Monday, October 15, 2007

How wasteful are you ?



Waste-o-Meter http://terraruris.net/wasteometer/wasteometer.msi

This idea started from my own frustration; I felt many times that I was wasting my time on the computer, who wouldn’t? Consequently, I wanted to exactly know how much time I spend per day/week/month looking at some sites, verifying my email or chatting to my friends. I realize that pretty much every day I have this ritual, I verify 5-6 websites and read their headline. It became such a big habit that I could type the name of one of these sites without even thinking (Bookmark Looping Disordered). Scary, but true.

The whole web industry is about you spending more time in front of the computer, there are many articles about what is the average time one spends on Google, My Space, Yahoo messenger or etc; all these companies are very proud of how much time you spend/waste on their sites. However, if search engines were better maybe people would find what they were looking for faster and hence the time spent would be smaller; Google for instance grew so fat that many times the results returned are irrelevant in relation to queries. Similarly, if someone is spending so much time on a social network maybe he/she doesn’t have a life; does it mean that my space is a place of jobless people?

These are the boundaries of time base analysis, but I am not very interested in this argument. I am more interested in who is on the opposing side of web industry. While the Internet tries to swallow you in spending more time on it is there anything else that does the same in the other direction? Maybe outdoor activities, or family or TV (this one is probably as bad). Like in any system in order to have equilibrium we need to have a counter force, we need a strong a counter industry that tries to keep you off of the Internet. Having said so, I am not going to reveal what the other side is, it may be different for each individual. I prefer to swim, play basketball, read a book or bike. However, I know that is more convenient after a tiring working day to open the laptop and surf.
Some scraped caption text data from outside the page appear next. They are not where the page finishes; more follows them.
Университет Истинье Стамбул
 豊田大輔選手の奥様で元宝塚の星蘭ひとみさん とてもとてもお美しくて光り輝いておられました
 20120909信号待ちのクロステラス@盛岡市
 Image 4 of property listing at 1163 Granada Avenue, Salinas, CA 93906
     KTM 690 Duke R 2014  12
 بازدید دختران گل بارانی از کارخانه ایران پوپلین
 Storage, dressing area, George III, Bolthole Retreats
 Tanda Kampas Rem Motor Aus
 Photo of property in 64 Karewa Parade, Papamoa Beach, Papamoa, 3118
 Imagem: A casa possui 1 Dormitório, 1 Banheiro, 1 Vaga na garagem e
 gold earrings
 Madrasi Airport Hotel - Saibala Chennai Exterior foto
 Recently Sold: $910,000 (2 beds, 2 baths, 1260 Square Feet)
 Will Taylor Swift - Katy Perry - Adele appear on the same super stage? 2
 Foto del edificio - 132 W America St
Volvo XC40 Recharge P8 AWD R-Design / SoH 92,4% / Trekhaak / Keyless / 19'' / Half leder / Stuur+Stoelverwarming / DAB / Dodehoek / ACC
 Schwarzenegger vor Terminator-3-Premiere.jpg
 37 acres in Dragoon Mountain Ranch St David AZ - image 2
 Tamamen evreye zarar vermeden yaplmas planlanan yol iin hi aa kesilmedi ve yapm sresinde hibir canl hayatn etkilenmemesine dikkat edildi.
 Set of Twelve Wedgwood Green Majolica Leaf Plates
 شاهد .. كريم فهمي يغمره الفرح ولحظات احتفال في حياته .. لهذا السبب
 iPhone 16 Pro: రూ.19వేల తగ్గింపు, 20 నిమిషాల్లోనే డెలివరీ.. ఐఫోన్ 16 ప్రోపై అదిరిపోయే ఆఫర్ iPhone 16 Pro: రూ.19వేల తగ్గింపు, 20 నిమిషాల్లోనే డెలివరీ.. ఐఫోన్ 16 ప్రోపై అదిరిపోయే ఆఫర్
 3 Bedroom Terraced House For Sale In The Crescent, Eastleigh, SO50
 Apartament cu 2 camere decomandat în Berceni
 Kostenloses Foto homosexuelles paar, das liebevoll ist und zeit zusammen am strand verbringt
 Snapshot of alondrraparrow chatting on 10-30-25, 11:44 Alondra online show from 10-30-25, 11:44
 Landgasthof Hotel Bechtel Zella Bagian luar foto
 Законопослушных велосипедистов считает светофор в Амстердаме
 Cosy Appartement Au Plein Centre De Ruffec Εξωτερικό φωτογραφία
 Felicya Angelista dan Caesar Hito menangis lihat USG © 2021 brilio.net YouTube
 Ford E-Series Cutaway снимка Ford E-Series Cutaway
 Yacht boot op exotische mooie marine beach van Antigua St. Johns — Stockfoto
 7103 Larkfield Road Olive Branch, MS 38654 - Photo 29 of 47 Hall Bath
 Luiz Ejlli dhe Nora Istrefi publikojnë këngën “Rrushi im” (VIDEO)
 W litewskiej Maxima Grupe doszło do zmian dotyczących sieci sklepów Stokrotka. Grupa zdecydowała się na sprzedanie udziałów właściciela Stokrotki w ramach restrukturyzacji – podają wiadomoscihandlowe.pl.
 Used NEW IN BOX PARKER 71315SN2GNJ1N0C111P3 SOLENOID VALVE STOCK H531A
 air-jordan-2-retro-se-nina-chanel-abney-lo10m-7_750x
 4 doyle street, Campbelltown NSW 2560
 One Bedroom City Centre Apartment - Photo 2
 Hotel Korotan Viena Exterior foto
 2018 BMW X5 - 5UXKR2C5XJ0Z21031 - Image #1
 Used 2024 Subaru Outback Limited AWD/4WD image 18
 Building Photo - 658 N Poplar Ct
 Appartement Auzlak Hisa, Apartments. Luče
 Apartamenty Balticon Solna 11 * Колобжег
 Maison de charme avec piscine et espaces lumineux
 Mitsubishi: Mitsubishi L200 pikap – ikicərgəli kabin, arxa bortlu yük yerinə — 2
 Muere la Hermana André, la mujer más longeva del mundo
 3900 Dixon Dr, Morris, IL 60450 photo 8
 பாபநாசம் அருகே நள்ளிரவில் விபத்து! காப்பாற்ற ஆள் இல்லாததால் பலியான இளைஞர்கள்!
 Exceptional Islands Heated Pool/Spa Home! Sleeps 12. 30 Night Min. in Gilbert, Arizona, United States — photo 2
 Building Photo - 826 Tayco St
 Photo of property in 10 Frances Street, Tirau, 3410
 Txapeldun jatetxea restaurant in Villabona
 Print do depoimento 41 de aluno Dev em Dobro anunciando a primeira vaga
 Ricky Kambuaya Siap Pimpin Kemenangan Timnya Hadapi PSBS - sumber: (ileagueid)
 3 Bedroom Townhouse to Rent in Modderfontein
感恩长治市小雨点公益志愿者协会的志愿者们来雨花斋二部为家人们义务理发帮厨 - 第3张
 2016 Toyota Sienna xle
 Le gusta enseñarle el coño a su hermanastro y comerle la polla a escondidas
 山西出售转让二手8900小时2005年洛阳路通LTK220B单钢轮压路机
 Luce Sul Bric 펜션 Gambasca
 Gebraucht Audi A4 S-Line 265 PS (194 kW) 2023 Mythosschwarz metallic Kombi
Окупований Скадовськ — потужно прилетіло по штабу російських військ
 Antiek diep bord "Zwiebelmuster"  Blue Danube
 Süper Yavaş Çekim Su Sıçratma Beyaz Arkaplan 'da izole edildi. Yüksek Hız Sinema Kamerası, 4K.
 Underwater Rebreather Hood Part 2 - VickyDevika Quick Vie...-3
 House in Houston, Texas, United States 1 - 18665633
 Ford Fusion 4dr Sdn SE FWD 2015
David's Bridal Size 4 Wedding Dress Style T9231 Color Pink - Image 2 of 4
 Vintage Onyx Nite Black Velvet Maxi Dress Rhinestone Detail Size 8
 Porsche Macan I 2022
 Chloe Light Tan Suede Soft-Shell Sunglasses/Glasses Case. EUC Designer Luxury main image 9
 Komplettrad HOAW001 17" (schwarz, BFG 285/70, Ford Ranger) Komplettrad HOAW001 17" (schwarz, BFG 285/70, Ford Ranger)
Waste-o-Meter is the tool that measures accurately how much time one is spending on the computer and how he/she is spending it. You can see exactly how many minutes you spend on browsing Myspace/Facebook, searching on Google or checking email. Occasionally before going to bed I try to summarize things I done during the day, I used to have trouble doing this, of course it was difficult to recall chatting to various friends 2 hours per day, or googling for hours ;-)). It may be because I am senile, and most of the people do recall their Internet/PC time, however for other "senile" people waste-o-meter could be their memento.

After making the first prototype I shared it with my colleagues and they found it useful or at least interesting, hence I decided to share it with everybody and make it free. Who knows maybe someone else wants to see how wasteful they are.

While developing it I realized that it can very well be used to measure productivity as well, duh ..., consequently I spinned this idea off and together with some of my friends I made few products; one may call them evil ;-). The first idea is to make it a parental control tool, this software on one hand measures children’s PC and Internet usage on the other hand it can enforce limits on how much time a program/website, what programs or websites a child can use. A second product was pretty much the same idea but for businesses (http://imonitorpc.com).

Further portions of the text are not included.